* [The data]
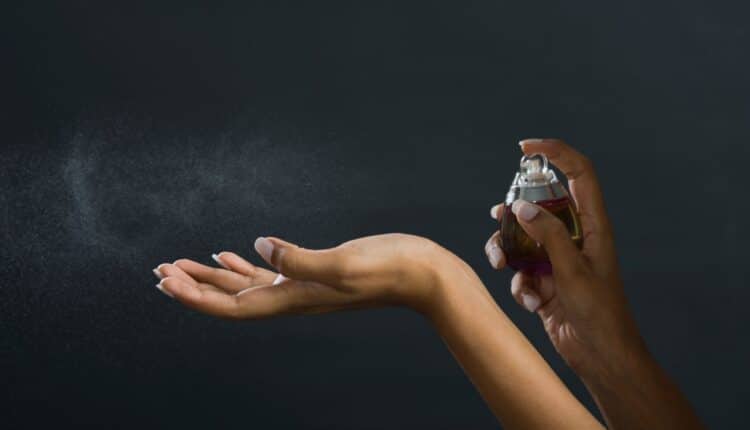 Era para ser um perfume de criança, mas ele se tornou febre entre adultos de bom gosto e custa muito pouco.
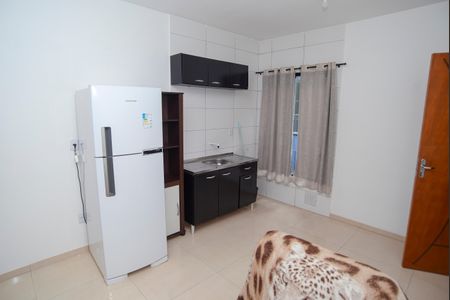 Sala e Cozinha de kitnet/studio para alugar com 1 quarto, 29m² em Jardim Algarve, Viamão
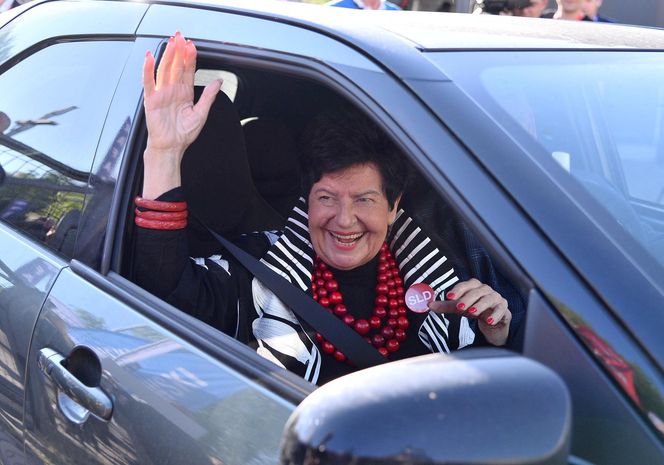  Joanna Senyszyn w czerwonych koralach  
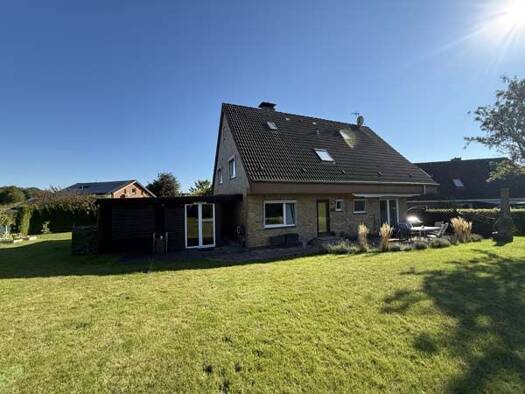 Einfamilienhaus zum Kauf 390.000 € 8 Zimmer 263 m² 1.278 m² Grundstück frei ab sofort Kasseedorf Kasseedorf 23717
--
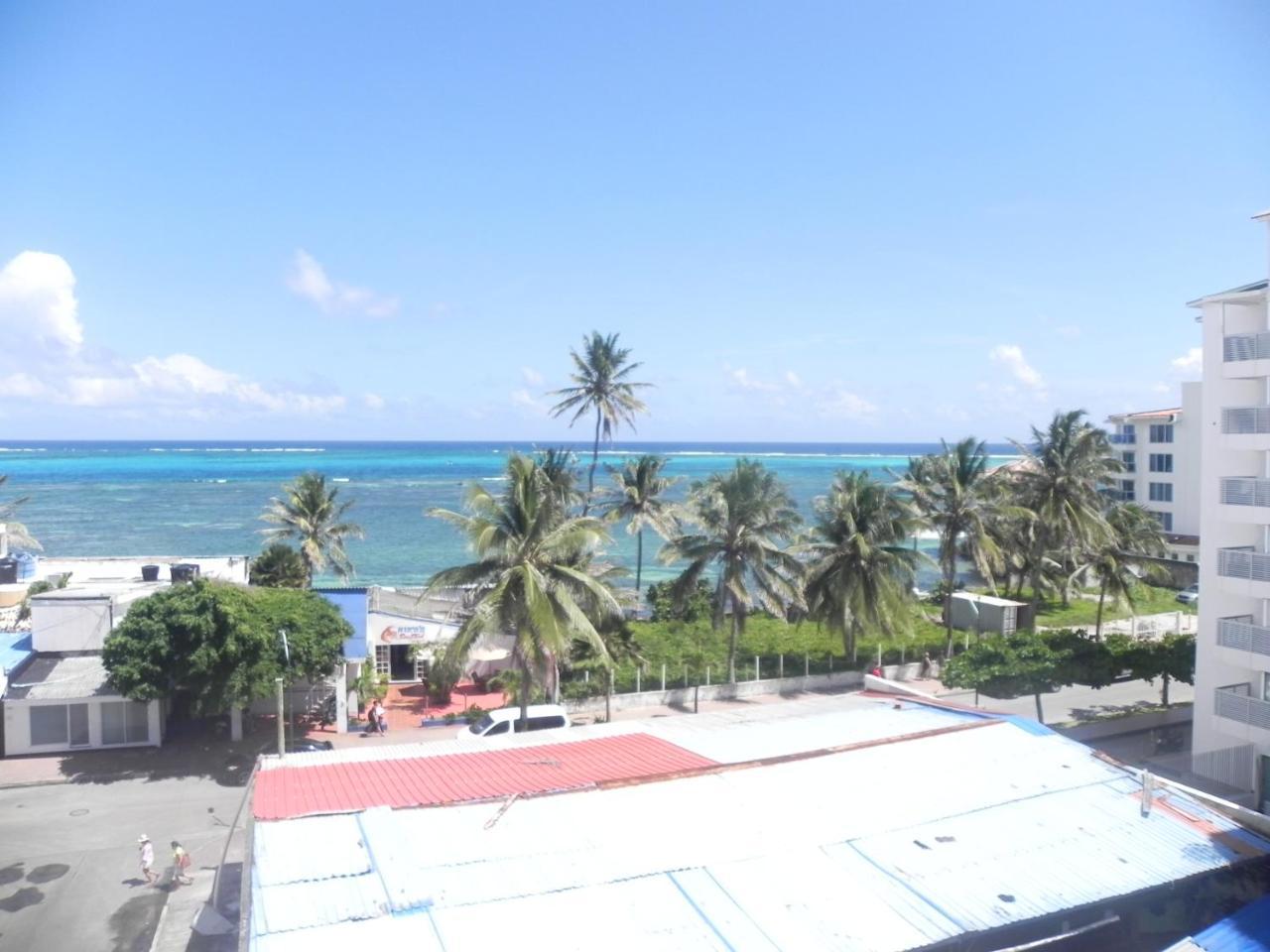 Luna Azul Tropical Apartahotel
---
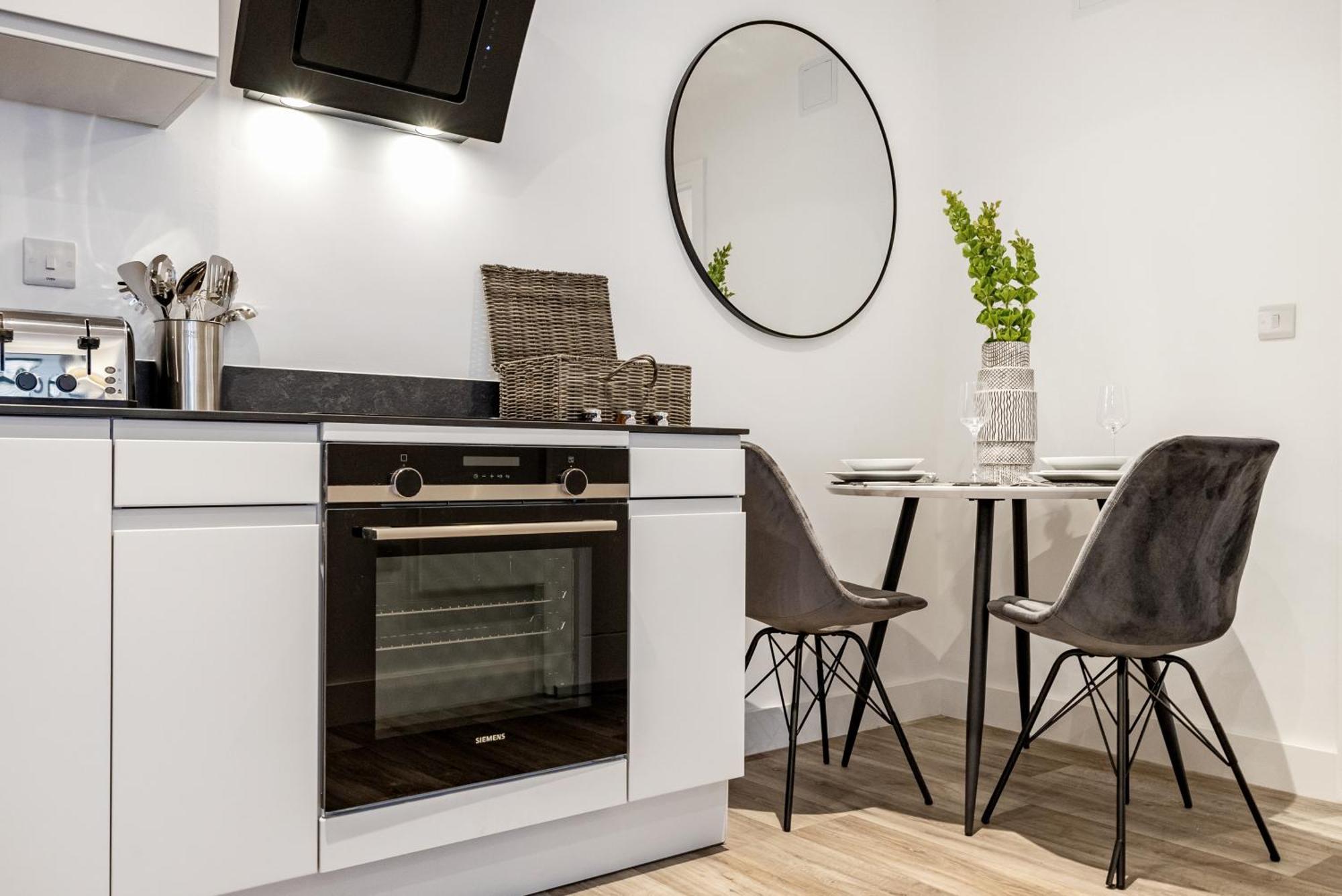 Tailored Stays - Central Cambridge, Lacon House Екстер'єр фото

* [Action item]
Leaving every picture aside, reproduce exactly the lines above from the one with "Joanna Senyszyn w czerwonych koralach" up to and including the one with "Einfamilienhaus zum Kauf", and no others.

* [Answer to the problem]
  Joanna Senyszyn w czerwonych koralach  
 Einfamilienhaus zum Kauf 390.000 € 8 Zimmer 263 m² 1.278 m² Grundstück frei ab sofort Kasseedorf Kasseedorf 23717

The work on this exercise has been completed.